The Fellowship of Founders
Thank you, Ahmad, for giving me the opportunity to share with you some of my early memories as a graduate student at Arizona State University (ASU) working in geometric algebra.
It was in 1965 when I had just completed my Master’s Degree in Mathematics and was looking for direction to continue my studies for a Ph.D. that I decided to explore possibilities in mathematical physics. Professor David Hestenes, a new professor at ASU, was offering a course in electrodynamics that caught my attention. On the first day of class, he began by introducing Geometric Algebra (GA) and the geometric product of vectors. I was amazed that I had never heard of the concept of a bivector as a directed area, or of the geometric product of vectors. It was over the course of that year that I decided that I wanted to dedicate my efforts for my Ph.D. into developing GA as a basic language in mathematics that I believed it to be then, and still do now a half a century later!
Indeed, I did not have an easy beginning. David, at first suggested topics in Kellogg’s Potential Theory and Harmonic Analysis or generalizing Elliptic Functions. All of these were very good topics which have been extensively developed by European groups such as the Delanghe-Sommen group in Belgium, and others, but I was unable to make any real progress in these areas. It was at this point, almost in desperation, that I started to look at very basic ideas in linear algebra and differential geometry. Surely, if GA was indeed a basic language (over the continual skepticism of my Father; then a Professor of Mathematics at Clemson University, with a Ph.D. from Princeton University when he was a 23 year old), GA should offer new insights in these basic fields. Even to this day, most mathematicians believe that trying to reformulate differential geometry in GA is only putting old wine in new bottles.

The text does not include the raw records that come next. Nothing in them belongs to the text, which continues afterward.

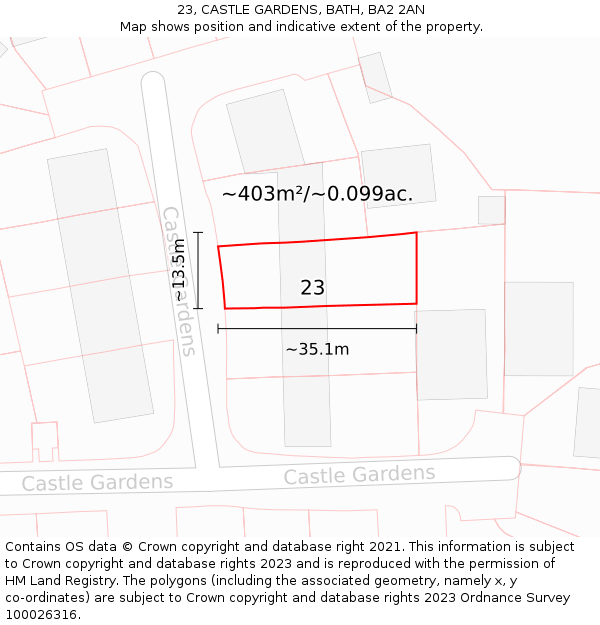 23, CASTLE GARDENS, BATH, BA2 2AN: Plot and title map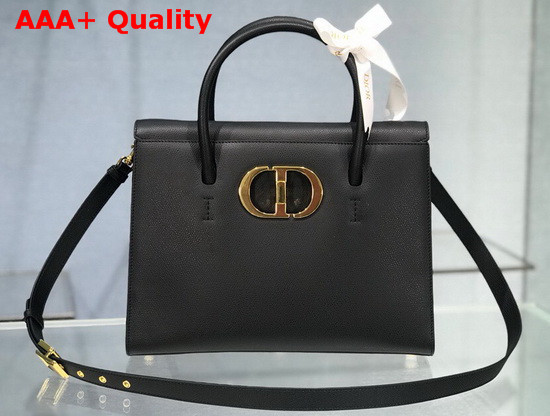 Dior Large St Honore Tote Black Grained Calfskin Replica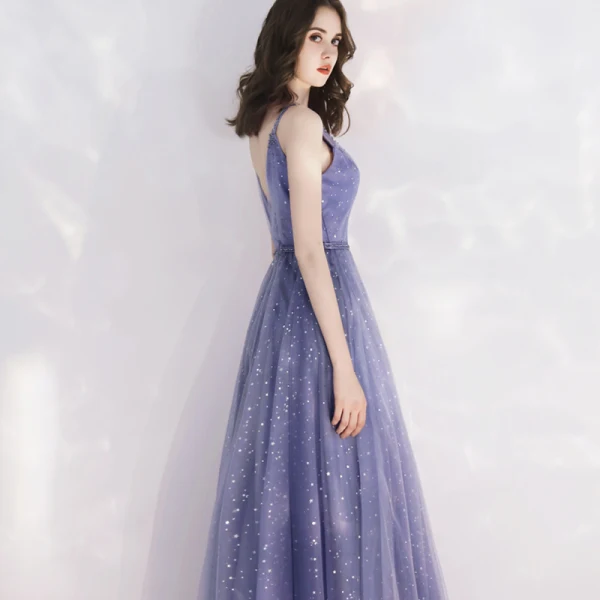 Elegant Royal Blue Evening Dresses 2019 A-Line / Princess V-Neck Spaghetti Straps Sleeveless Glitter Sequins Tulle Beading Sash Floor-Length / Long Ruffle Backless Formal Dresses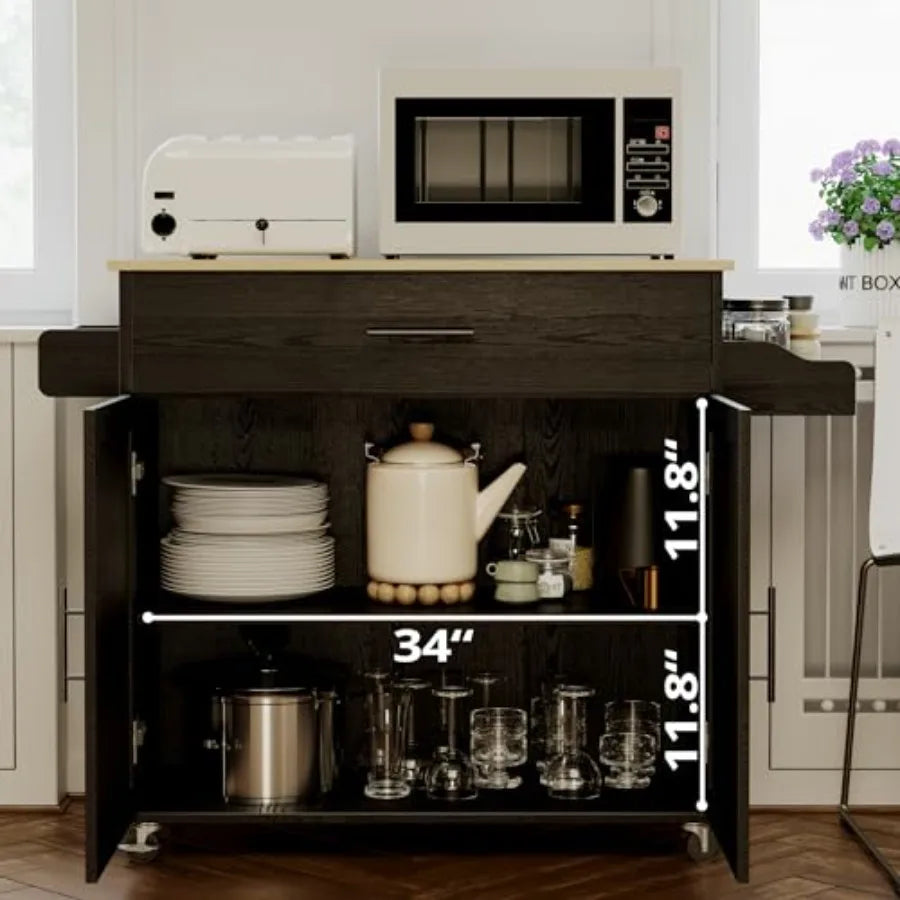 Rolling Kitchen Island Table on Wheels with Drop Leaf, Storage Cabinet, Drawer, Spice/Towel Rack, Kitchen Cart, 47.25 Wide Blac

I undertook a serious study of linear and multilinear algebra out of books by Gel’fand, Shilov, and Greub, and basic differential geometry. I was also greatly influenced by books such as “Science Awakening” by van der Waerden, Tobias Dantzig’s book, “Number The Language of Science”, Wilder’s “Evolution of Mathematical Concepts”, and Michael Crowe’s “History of Vector Analysis”. I considered my first “breakthrough” in linear algebra to be when I discovered how to derive the Cayley-Hamilton theorem in GA by first looking at the simplest 2-dimensional case. I spent a great deal of time developing the notion of the vector and simplicial derivatives in GA as a basic tool in linear algebra. Almost all of my 1971 Ph.D. thesis consisted of a systematic development of the general simplicial derivative as a basic tool in linear algebra.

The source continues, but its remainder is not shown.